(Input data)
>>>

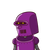 WesolySluchacz
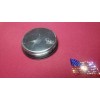 Apex 2'' Steel Drum Cap Plug Bung Cap Fits STEEL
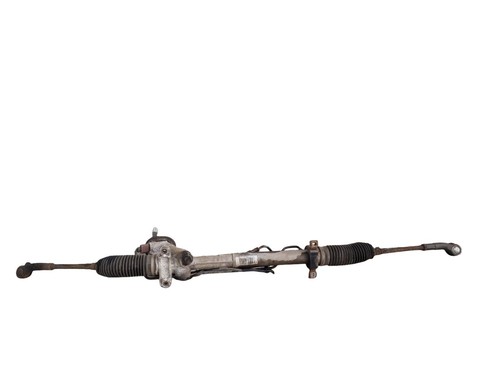 Volkswagen polo steering - polo,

<<<

(Task requirements) Print the listing above in full, exactly as written. Omit any pictures.

(Response area)
 WesolySluchacz
 Apex 2'' Steel Drum Cap Plug Bung Cap Fits STEEL
 Volkswagen polo steering - polo,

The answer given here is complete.